Hy praat oor grond, erfenis, geloof, manlikheid en kultuur
Die Stropers se debuutvertoning het onlangs by die Cannes-filmfees plaasgevind en is baie goed ontvang. Dit speel af in die Vrystaat, 'n geïsoleerde vesting vir 'n Afrikaanse etniese minderheidskultuur. In hierdie konserwatiewe boerderygebied is daar 'n obsessie met krag en manlikheid, maar Janno is anders. Hy is geheimsinnig en emotief. Eendag bring sy hoogs-godsdienstige ma vir Pieter huis toe, 'n verharde straatkind wat sy wil aanneem. Sy vra vir Janno om hierdie vreemdeling sy broer te maak. 'n Stryd om mag, erfenis en ouerlike liefde ontaard egter tussen die twee seuns. Klyntji publiseer 'n ope-onderhoud met die regisseur Etienne Kalos.
Could you tell us a little about your background prior to this feature debut?
I am a Greek-South African from Cape Town and my first love was theatre, I did my Bachelors in playwriting and stage design. This is where I met a mentor who changed my path: the Afrikaans playwright Reza de Wet. She wrote in Afrikaans, the language of Afrikaners, the descendants of the first Dutch settlers who arrived in South Africa in the 17th and 18th centuries. ‘Afrikaner’ is the old Dutch word for ‘African’. Reza is probably the most translated Afrikaans playwright in the world. I first attended her class when I was 17 years old. Her plays showed me new ways to explore the South African experience, especially in the post-colonial era. Her work isn’t political, but rather mythological, some might say it’s gothic. She’s the one who first told me about the eastern Free State, the region where The Harvesters was born as a project. We shot between Free State and KwaZulu-Natal, the bordering region which is the only one to have funded the film.

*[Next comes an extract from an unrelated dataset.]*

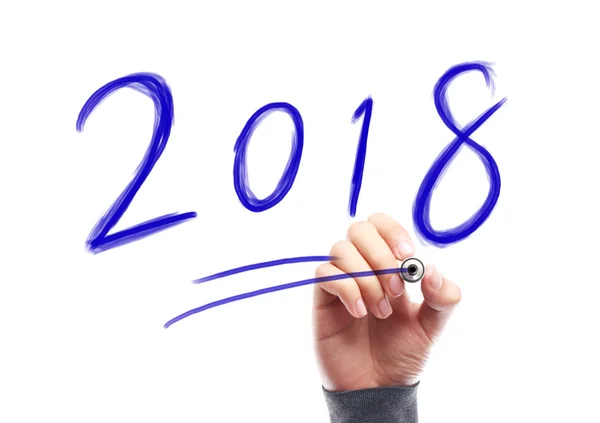 Year 2018 Ahead — Stock Photo, Image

Your short film, Firstborn, which won the Golden Lion at the 2009 Venice Film Festival, was inspired by one of her plays.
Yes indeed. I was doing my graduate studies in film at New York University. I hadn’t spoken to Reza de Wet in many years. But I wanted to shoot my graduation film in South Africa, so I got back in touch with her and we worked together on the script of my short film, Firstborn. I am a teacher now myself and so it meant a lot to me, to come full circle and work with my first mentor again after so many years. Later she gave me feedback on an early version of The Harvesters script before she passed away in 2012. The Harvesters somehow continues the work we had started with Firstborn. Except that the 30 minute film featured incest, matricide, a protagonist who goes mad and was inspired by one of Reza’s plays. I next wanted to find out what would happen if I removed those spectacular elements and wrote something original in a feature length format.
What is so special about the Free State?
It is a fascinating region, the “bible belt” of South Africa, all maize fields, farmhouses and church steeples, it’s the heart of Afrikaner culture. The eastern part of the region is especially intriguing, it is wilder than the western region, there is something mysterious and powerful in the landscape, something that captures you and won’t let go.
Set in the middle of nowhere, these farms could be heavenly places, yet there are bars on windows, there is fear in the air. Hearing about farmers being murdered is not uncommon. A political notion that is becoming popular is that the government should take the farms away from the Afrikaners to the benefit of the black population. Could or should this be done? I don’t know but it brings up fascinating notions of what it means to ‘belong’.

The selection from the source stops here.